Verification activities aid in managing project risk while improving confidence in a system meeting its requirements (Salado 2015). They are critical to system development because they shape the uncertainty associated with the functioning or performance of the system that is being developed (Walden et al. 2015; Tahera et al. 2019). Most companies have not adopted a structured approach to verification (Shabi et al. 2017). As a result, verification activities consume a significant amount of resources during systems’ lifecycle throughout the industry (Tahera et al. 2017). Hence, the importance of discovering the scientific foundations of verification activities in systems engineering has been recognized by multiple authors, and research on developing robust decision-making frameworks for verification activities is an active research area (Engel and Barad 2003; Shabi and Reich 2012; Salado and Kannan 2019; Xu and Salado 2019).

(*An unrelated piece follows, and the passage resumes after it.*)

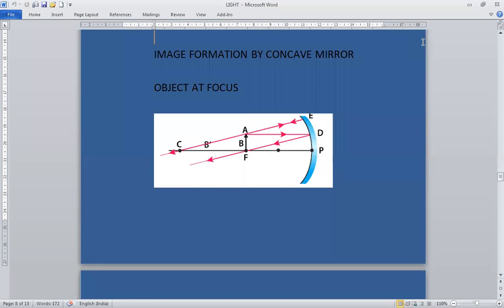Good morning students. This is Class 10 Science, lesson: Light Reflection. In continuation with the previous lecture, today we are going to study image formation by concave mirror.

Planning and executing verification activities becomes more difficult as the number of firms participating in system design increases (Nagano 2008). An important impediment in multi-firm or multi-team systems engineering projects is the misalignment of individual interests, which prevents the implementation of Pareto-optimal solutions (Collopy 2012). The research community has looked to game theory (Lewis and Mistree 1997; Xiao et al. 2005; Ciucci et al. 2012) and incentive theory (Vermillion and Malak 2018a, b) to better understand how conflicting interests affect project outcomes in systems engineering.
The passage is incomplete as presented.